Mike and I have this shared memory of laying on the floor, in my parents living room with our feet facing each other, legs lifted and the soles of our Vans touching. I was a Senior in high school, Mike a junior. It was a Sunday and we had just spent the afternoon at the Montgomery mall.
We simultaneously said aloud: “I don’t want a boring life.”
It was almost like we put that out to the world as Prayer—a prayer which was answered in the most non-boring of ways.
I cannot think of a time when my life with Mike has ever been boring. From all the things we endured—to all the things we’ve enjoyed, everything has been quite un-boring.

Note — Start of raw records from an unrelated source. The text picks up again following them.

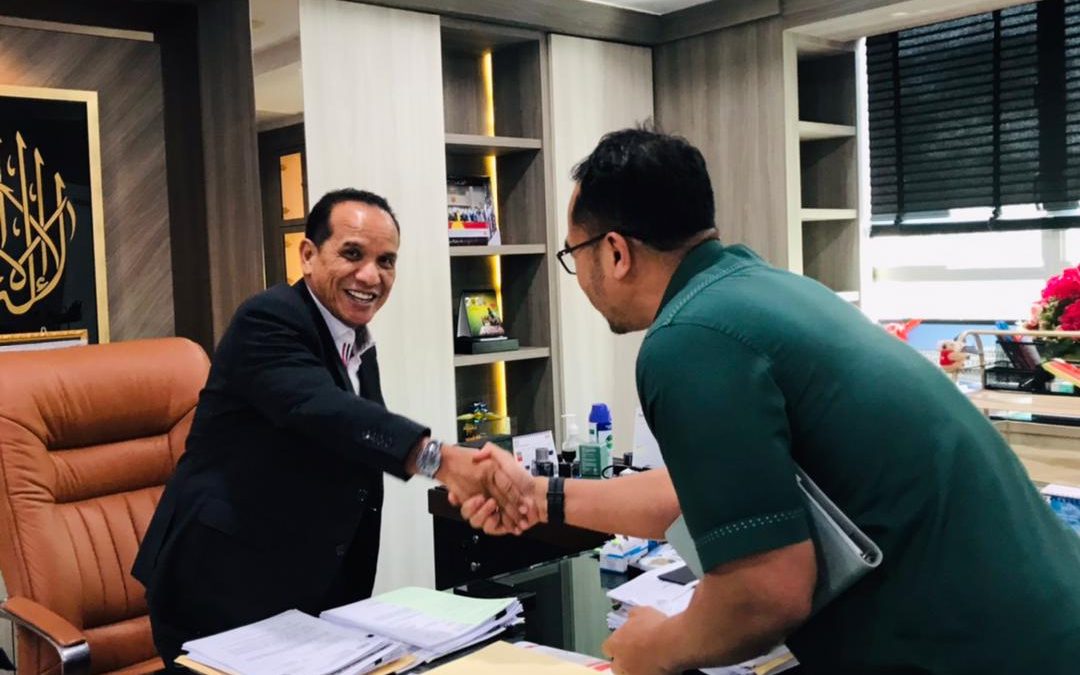 KUNJUNGAN HORMAT DELEGASI PKB KE PEJABAT YB. DATO’ WIRA HAJI SYED KHAIROL ANUAR BIN SYED ABIDIN
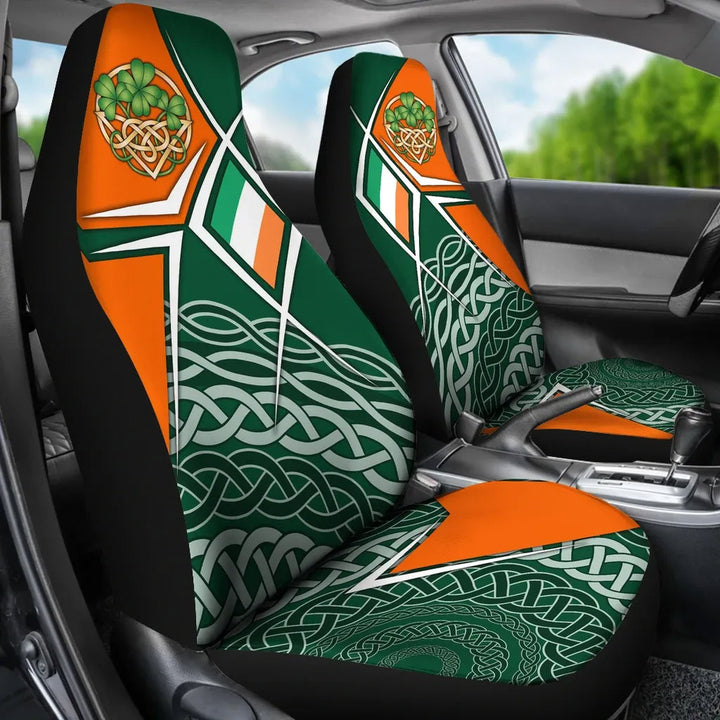 Ireland Celtic Car Seat Covers Irish Legend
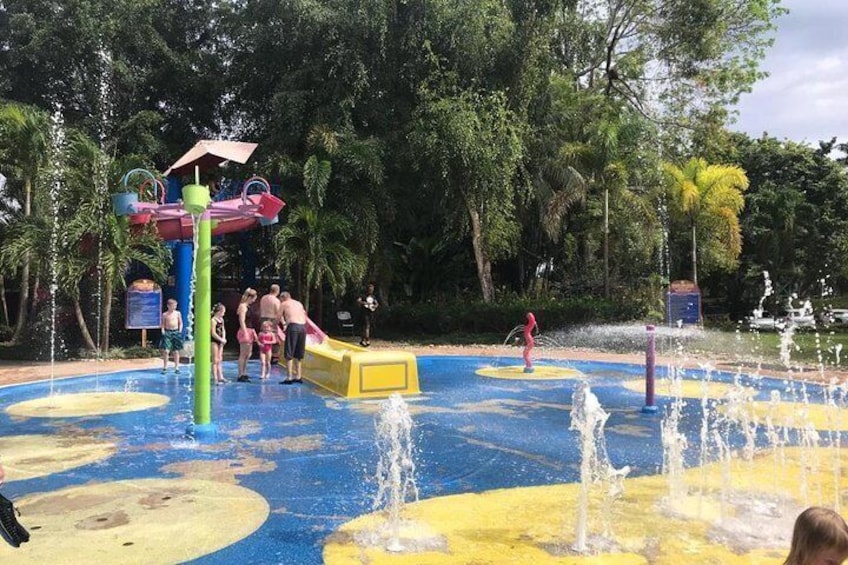 Dunn’s River Kiddies pool 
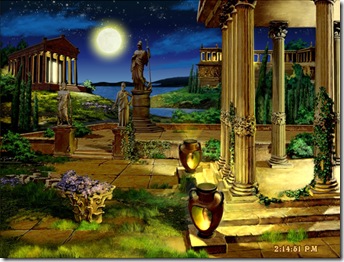 Around the World: Athens screensaver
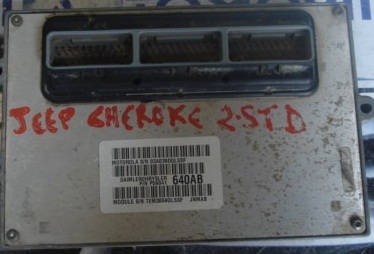 Jeep Cherokee Xj 1997 2.5Td - Gdzie Jest Immo Zapisane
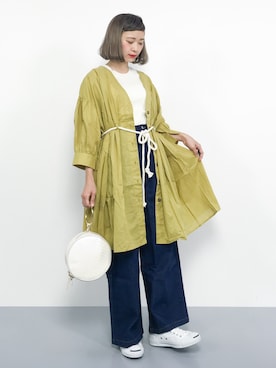 チョコビさん（レディース・154cm）の夏コーディネート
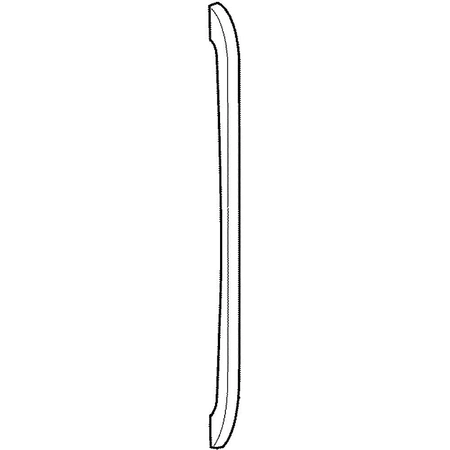 AED72952820 LG Refrigerator Handle Assembly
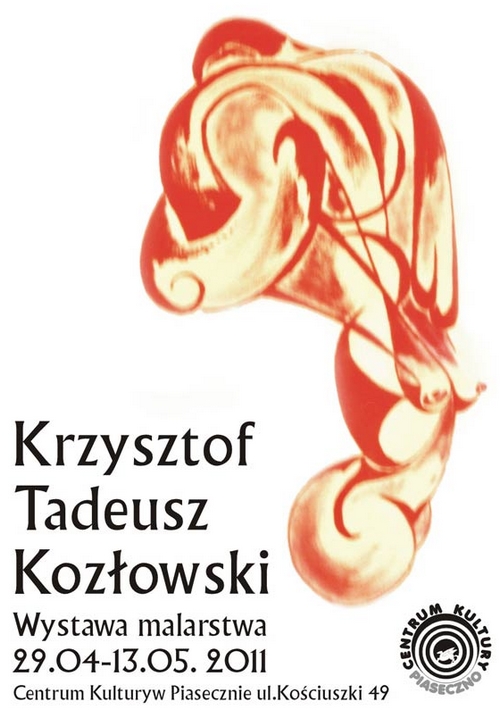 Krzysztof Kozłowski - wystawa malarstwa w Piasecznie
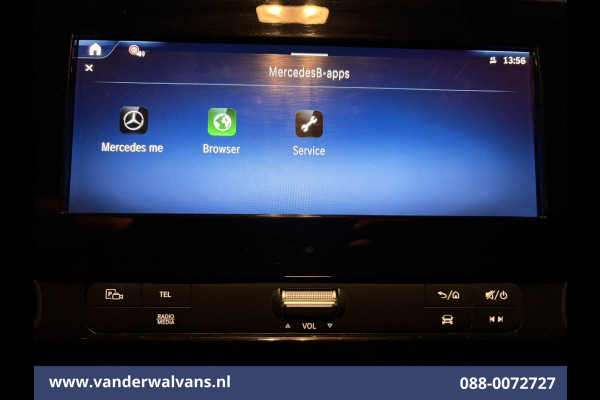 Mercedes-Benz Sprinter 315 CDI 150pk L3H2 Euro6 Airco | Camera | Cruisecontrol 270 Graden Achterdeuren, Bijrijdersbank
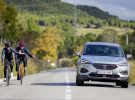 SEAT Tarraco: asistencia a la conducción con reconocimiento de ciclistas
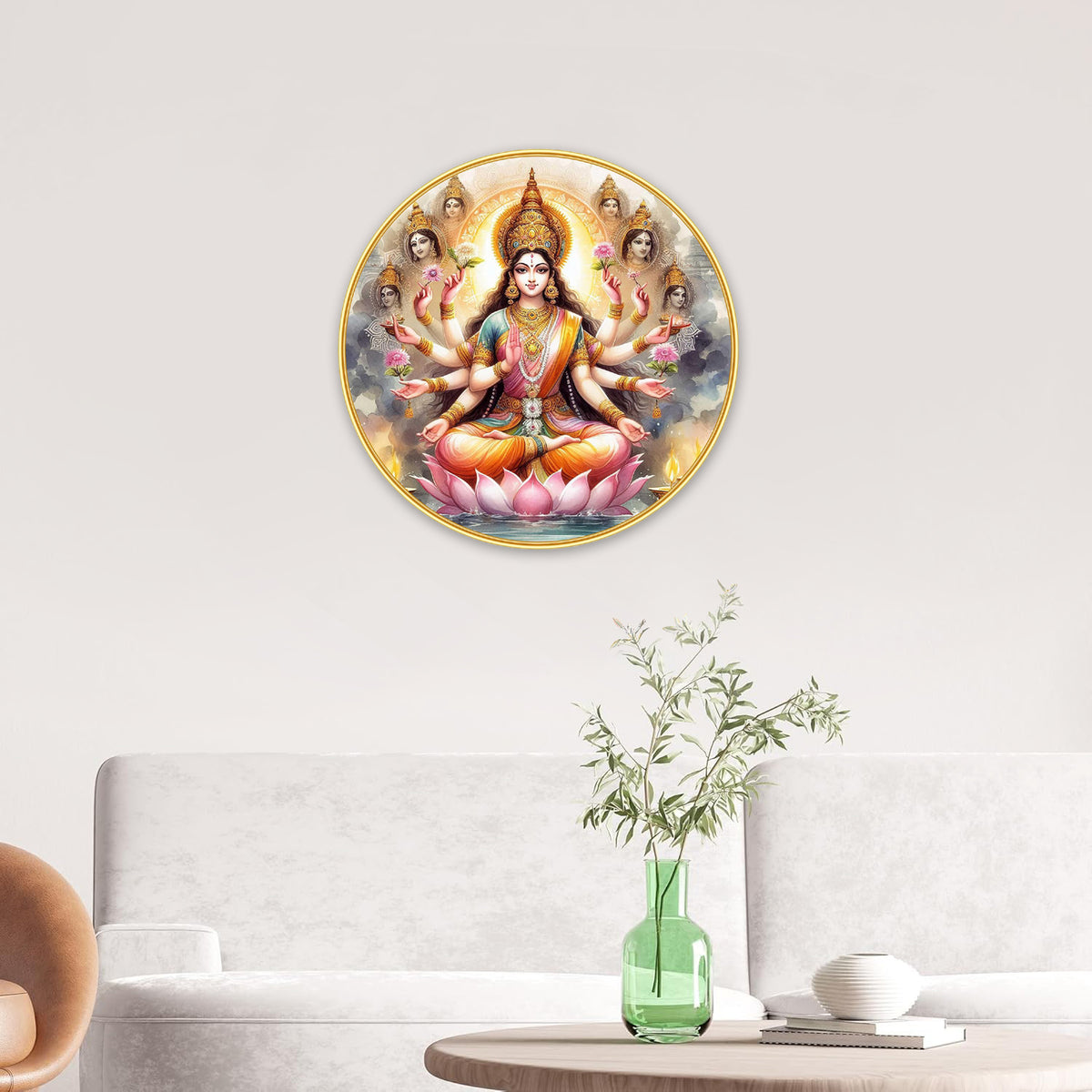 Lakshmi Wall Art Painting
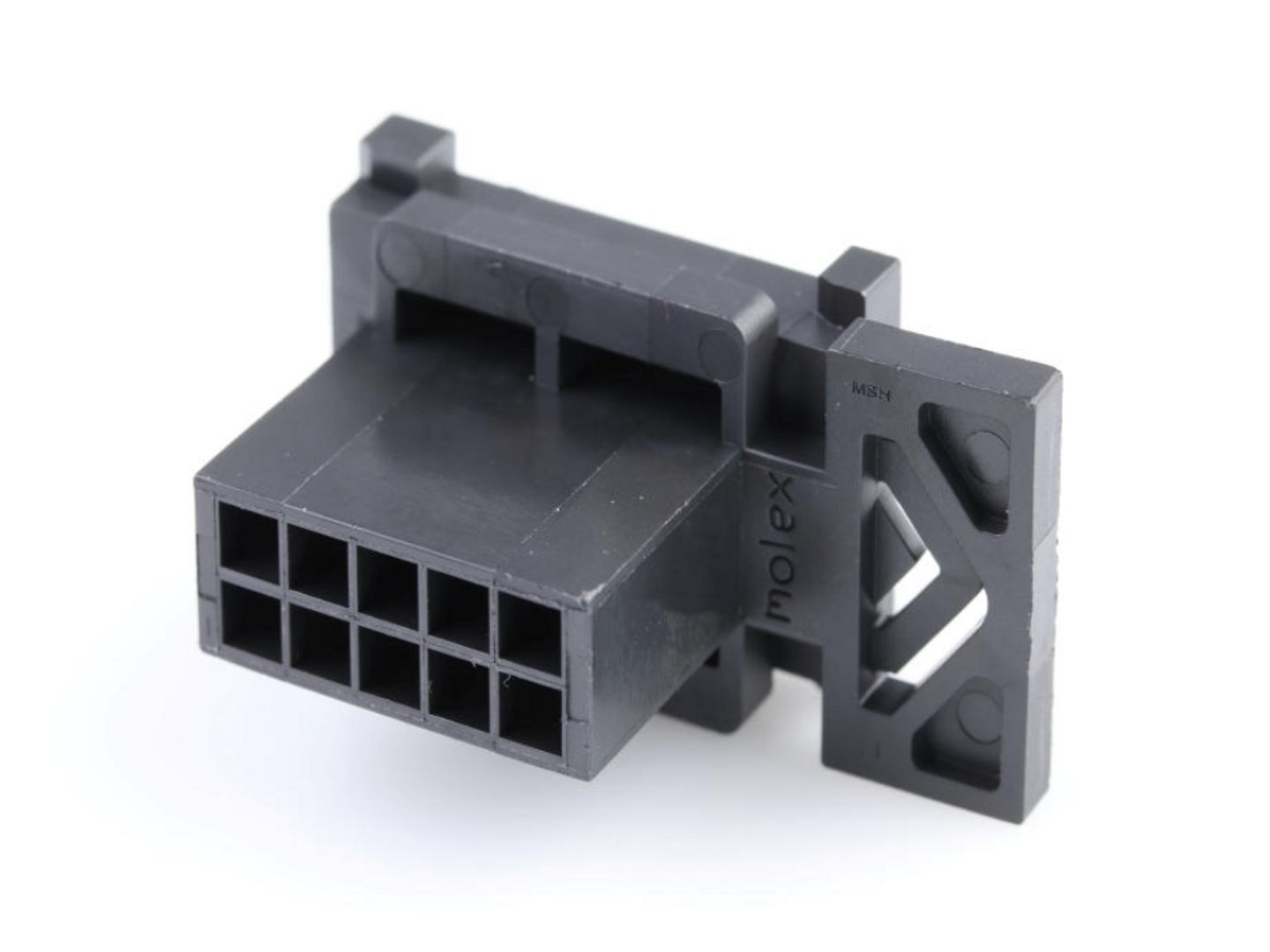 Molex Micro-Fit BMI plug housing.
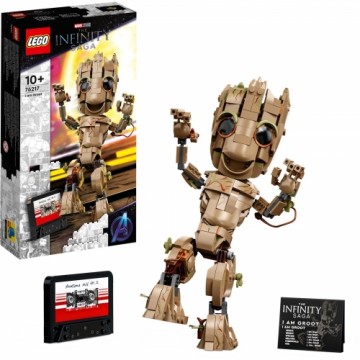 LEGO Blocks Super Heroes 76217 I am Groot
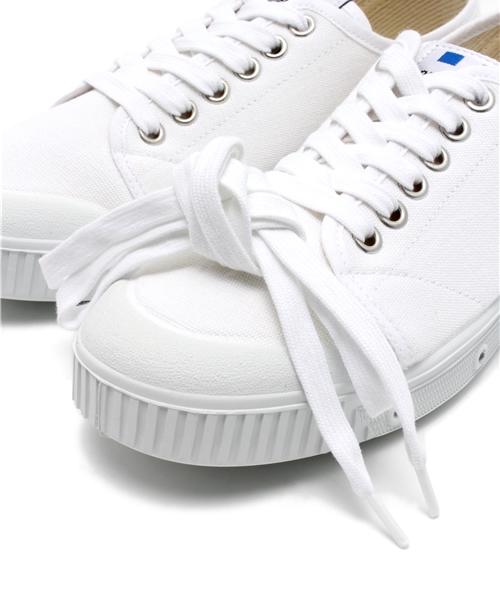 Demi-Luxe BEAMS（デミルクス ビームス）の「SPRING COURT / スニーカー "G2 CLASSIC W CANVAS"（スニーカー・レディース・ブラック/ホワイト・40/38/39/35/37/36）」の4枚目の写真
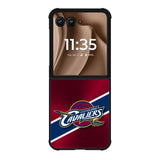 Cleveland Cavaliers 2nd Motorola Moto RAZR Plus 2025 Case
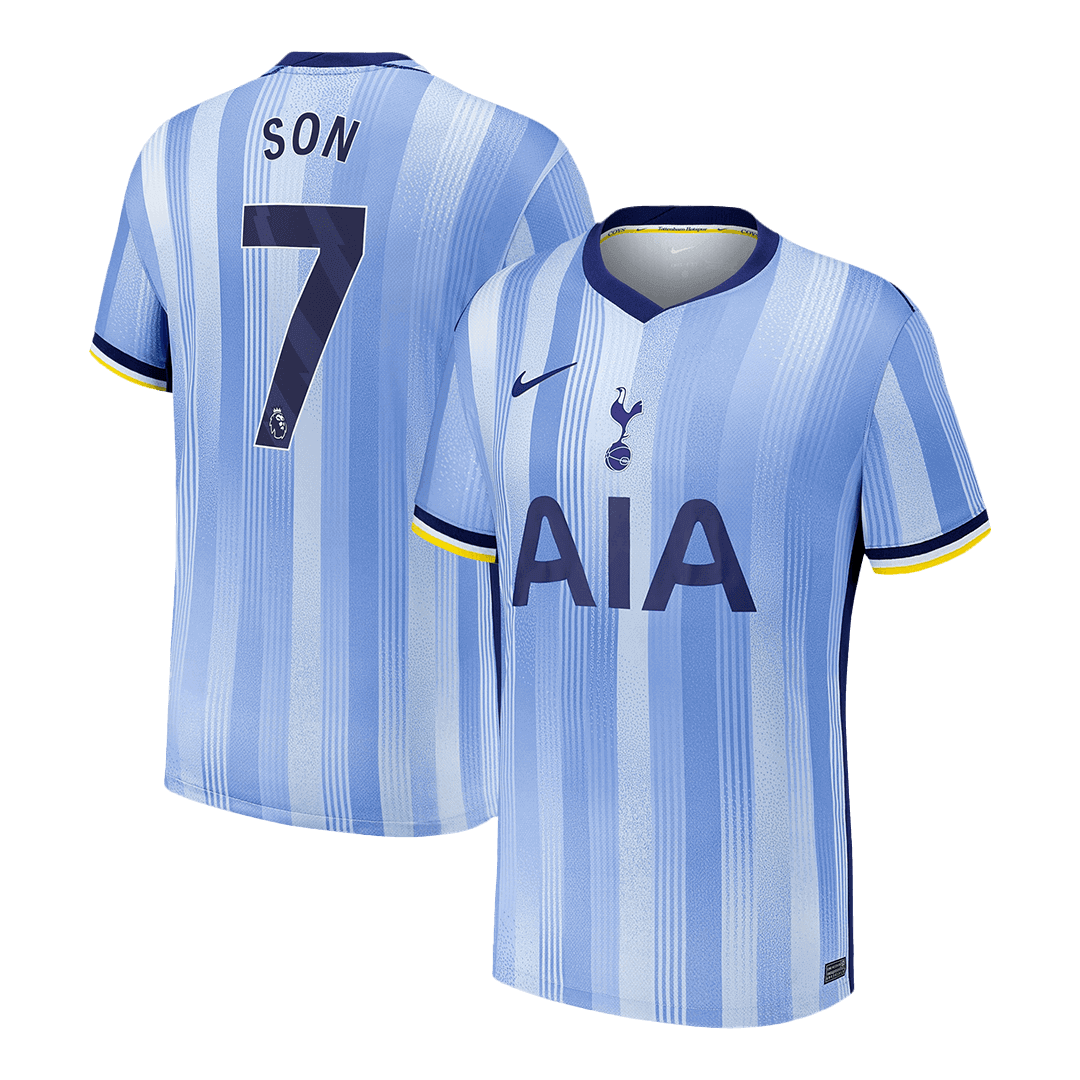 Camiseta de visitante del Tottenham Hotspur 2024/25 SON #7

Sometimes I wish this shared prayer of ours translated to only the really good things. But so many of those good things came on the heels and because of the bad things.
So, we are stuck and happily so.
It is all so blissfully exhausting—living and filling in all the moments, escaping and returning, laughing and crying and finding all the time we can to be together as the Adkins Five. I am so wiped tonight-sore and sweaty and full of smiles when I think of all the things we did in just 48 hours and all the things to come!
After this busy weekend, we will have another busy week and then more on the weekend and so on and so worth. There probably won’t be much time to smell the roses; but that’s just fine because we will only get each of these once and I don’t think I want to stop.
This beautiful, full, exhausting chaotic life is one we created and prayed for. I cannot think of anything better than this.